Aqui está textualmente o que disse António Costa (transcrito manualmente):
(...) A situação a que chegámos não foi uma situação
do acaso. A União Europeia financiou durante muitos anos Portugal para Portugal
deixar de produzir; não foi só nas pescas, não foi só na agricultura, foi
também na indústria, por ex. no têxtil. Nós fomos financiados para desmantelar
o têxtil porque a Alemanha queria (a Alemanha e os outros países como a
Alemanha) queriam que abríssemos os nossos mercados ao têxtil chinês
basicamente porque ao abrir os mercados ao têxtil chinês eles exportavam os
teares que produziam, para os chineses produzirem o têxtil que nós deixávamos
de produzir.
E portanto, esta ideia de que em Portugal houve aqui
um conjunto de pessoas que resolveram viver dos subsídios e de não trabalhar e
que viveram acima das suas possibilidades é uma mentira inaceitável.

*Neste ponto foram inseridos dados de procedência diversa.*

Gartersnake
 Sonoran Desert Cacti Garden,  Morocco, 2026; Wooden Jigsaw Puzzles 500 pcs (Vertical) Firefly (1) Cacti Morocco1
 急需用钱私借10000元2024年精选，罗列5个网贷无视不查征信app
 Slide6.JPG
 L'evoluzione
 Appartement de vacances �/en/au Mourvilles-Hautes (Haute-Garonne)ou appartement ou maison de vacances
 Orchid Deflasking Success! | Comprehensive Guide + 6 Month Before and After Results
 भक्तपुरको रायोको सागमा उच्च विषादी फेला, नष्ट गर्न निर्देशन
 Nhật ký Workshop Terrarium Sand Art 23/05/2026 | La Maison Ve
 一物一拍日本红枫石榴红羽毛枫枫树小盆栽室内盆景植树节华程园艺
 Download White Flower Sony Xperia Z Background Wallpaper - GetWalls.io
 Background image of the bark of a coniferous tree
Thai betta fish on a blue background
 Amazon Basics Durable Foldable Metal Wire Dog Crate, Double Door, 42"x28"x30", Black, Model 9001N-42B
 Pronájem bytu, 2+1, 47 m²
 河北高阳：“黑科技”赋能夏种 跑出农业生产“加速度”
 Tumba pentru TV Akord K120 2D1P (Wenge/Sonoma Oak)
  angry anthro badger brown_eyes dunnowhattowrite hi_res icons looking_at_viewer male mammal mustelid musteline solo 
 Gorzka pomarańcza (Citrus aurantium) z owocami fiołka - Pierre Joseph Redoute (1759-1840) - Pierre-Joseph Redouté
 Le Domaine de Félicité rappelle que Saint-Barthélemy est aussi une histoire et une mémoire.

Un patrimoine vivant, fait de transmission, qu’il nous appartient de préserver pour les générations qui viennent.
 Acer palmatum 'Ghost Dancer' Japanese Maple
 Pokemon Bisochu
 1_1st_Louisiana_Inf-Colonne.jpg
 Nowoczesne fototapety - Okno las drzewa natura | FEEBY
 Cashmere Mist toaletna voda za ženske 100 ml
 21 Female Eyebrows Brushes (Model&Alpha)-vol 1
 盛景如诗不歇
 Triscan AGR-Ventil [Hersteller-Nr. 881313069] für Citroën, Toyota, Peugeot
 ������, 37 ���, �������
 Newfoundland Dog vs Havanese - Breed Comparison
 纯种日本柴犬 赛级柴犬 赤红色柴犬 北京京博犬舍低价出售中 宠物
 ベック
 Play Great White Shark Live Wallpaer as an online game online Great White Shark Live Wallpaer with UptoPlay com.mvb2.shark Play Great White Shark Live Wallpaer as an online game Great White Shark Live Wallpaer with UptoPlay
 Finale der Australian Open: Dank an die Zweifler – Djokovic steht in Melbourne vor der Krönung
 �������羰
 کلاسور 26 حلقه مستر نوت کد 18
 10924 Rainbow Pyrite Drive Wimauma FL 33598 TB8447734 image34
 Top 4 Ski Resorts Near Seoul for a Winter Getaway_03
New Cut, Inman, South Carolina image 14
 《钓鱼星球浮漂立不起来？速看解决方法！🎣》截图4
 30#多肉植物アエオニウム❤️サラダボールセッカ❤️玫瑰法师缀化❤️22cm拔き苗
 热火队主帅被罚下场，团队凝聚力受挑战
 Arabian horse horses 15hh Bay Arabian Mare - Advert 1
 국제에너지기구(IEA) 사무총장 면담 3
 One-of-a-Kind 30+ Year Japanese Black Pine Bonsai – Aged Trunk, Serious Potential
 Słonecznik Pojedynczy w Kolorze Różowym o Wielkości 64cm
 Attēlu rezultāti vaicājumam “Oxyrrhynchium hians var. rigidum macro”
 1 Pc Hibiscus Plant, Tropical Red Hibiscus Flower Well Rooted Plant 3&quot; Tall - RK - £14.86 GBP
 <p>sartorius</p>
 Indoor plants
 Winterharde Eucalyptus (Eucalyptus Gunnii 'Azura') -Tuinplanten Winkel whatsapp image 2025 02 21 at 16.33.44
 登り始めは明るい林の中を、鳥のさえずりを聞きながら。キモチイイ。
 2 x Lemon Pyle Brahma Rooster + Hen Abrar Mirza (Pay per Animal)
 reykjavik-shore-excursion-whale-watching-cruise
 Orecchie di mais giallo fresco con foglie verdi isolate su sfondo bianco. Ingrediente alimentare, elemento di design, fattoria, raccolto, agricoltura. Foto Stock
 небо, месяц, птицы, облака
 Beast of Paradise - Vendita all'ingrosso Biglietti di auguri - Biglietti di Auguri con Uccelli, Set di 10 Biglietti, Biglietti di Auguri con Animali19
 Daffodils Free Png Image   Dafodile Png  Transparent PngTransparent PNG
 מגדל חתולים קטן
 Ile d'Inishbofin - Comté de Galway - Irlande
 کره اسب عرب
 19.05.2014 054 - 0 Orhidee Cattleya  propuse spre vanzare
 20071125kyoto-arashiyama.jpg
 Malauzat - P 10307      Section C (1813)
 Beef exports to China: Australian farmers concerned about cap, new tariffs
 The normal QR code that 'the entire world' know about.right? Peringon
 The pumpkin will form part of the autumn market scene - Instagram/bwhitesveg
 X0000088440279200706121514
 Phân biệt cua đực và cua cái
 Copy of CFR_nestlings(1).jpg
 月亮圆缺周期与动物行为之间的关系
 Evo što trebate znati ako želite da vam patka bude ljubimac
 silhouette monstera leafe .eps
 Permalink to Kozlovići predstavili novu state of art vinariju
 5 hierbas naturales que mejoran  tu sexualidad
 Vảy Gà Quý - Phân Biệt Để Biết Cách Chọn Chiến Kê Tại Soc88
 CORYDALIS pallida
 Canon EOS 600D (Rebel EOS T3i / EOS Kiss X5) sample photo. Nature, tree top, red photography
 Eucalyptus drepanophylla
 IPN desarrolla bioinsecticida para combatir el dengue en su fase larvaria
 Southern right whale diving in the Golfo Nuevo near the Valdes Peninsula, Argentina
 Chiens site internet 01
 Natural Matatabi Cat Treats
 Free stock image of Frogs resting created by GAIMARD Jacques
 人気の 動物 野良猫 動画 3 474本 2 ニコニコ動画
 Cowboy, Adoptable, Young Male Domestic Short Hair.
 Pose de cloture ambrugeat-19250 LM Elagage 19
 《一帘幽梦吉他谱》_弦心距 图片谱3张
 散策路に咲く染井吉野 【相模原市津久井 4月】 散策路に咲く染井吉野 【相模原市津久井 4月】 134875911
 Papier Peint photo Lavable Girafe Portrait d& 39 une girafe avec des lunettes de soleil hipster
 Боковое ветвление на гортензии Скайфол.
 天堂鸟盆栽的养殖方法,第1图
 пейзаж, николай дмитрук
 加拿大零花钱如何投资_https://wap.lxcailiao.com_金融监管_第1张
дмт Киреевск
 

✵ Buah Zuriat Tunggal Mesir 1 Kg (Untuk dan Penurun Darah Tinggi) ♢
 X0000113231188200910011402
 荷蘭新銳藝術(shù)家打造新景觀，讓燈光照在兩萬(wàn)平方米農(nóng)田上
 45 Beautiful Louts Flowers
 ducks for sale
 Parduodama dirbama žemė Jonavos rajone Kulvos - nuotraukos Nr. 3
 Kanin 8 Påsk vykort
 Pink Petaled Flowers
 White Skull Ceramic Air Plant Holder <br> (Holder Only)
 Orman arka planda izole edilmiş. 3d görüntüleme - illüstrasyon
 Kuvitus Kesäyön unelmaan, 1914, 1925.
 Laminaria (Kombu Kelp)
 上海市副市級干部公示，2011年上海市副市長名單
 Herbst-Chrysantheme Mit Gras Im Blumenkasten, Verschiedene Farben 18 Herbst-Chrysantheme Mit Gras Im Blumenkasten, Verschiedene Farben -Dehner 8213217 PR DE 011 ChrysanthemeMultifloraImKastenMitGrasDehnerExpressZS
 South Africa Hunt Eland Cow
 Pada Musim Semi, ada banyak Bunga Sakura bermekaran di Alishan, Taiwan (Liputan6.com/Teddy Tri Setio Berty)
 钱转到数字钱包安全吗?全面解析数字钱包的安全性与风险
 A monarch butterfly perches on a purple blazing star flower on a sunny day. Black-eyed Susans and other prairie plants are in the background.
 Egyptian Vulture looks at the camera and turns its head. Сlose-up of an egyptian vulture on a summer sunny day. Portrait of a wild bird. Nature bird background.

Nós orientámos os nossos investimentos públicos e
privados em função das opções da União Europeia: em função dos fundos
comunitários, em função dos subsídios que foram dados e em função do crédito
que foi proporcionado. E portanto, houve um comportamento racional dos agentes
económicos em função de uma política induzida pela União Europeia. Portanto não
é aceitável agora dizer que somos todos culpados. Podemos todos concluir e acho
que devemos concluir que errámos, agora eu não aceito que esse erro seja um
erro unilateral dos portugueses. Não, esse foi um erro do conjunto da União
Europeia e a União Europeia fez essa opção porque a União Europeia entendeu que
era altura de acabar com a sua própria indústria e ser simplesmente uma praça
financeira. E é isso que estamos a pagar!
A ideia de que os portugueses são responsáveis pela
crise, porque andaram a viver acima das suas possibilidades, é um enorme
embuste. Esta mentira só é ultrapassada por uma outra. A de que não há
alternativa à austeridade, apresentada como um castigo justo, face a hábitos de
consumo exagerados. Colossais fraudes. Nem os portugueses merecem castigo, nem
a austeridade é inevitável.
Quem viveu muito acima das suas possibilidades nas
últimas décadas foi a classe política e os muitos que se alimentaram da enorme
manjedoura que é o orçamento do estado. A administração central e local
enxameou-se de milhares de "boys", criaram-se institutos inúteis,
fundações fraudulentas e empresas municipais fantasma. A este regabofe
juntou-se uma epidemia fatal que é a corrupção.
Os exemplos sucederam-se. A Expo 98 transformou uma
zona degradada numa nova cidade, gerou mais-valias urbanísticas milionárias,
mas no final deu prejuízo. Foi ainda o Euro 2004, e a compra dos submarinos,
com pagamento de luvas e corrupção provada, mas só na Alemanha. E foram as
vigarices de Isaltino Morais, que nunca mais é preso. A que se juntam os casos
de Duarte Lima, do BPN e do BPP, as parcerias público-privadas 16 e mais um rol
interminável de crimes que depauperaram o erário público.
Todos estes negócios e privilégios concedidos a um
polvo que, com os seus tentáculos, se alimenta do dinheiro do povo têm
responsáveis conhecidos. E têm como consequência os sacrifícios por que hoje
passamos.
Enquanto isto, os portugueses têm vivido muito abaixo
do nível médio do europeu, não acima das suas possibilidades. Não devemos pois,
enquanto povo, ter remorsos pelo estado das contas públicas. Devemos antes
exigir a eliminação dos privilégios que nos arruínam. Há que renegociar as
parcerias público--privadas, rever os juros da dívida pública, extinguir
organismos... Restaure-se um mínimo de seriedade e poupar-se-ão milhões. Sem
penalizar os cidadãos.
Não é, assim, culpando e castigando o povo pelos erros
da sua classe política que se resolve a crise. Resolve-se combatendo as suas
causas, o regabofe e a corrupção. Esta sim, é a única alternativa séria à
austeridade a que nos querem condenar e ao assalto fiscal que se anuncia."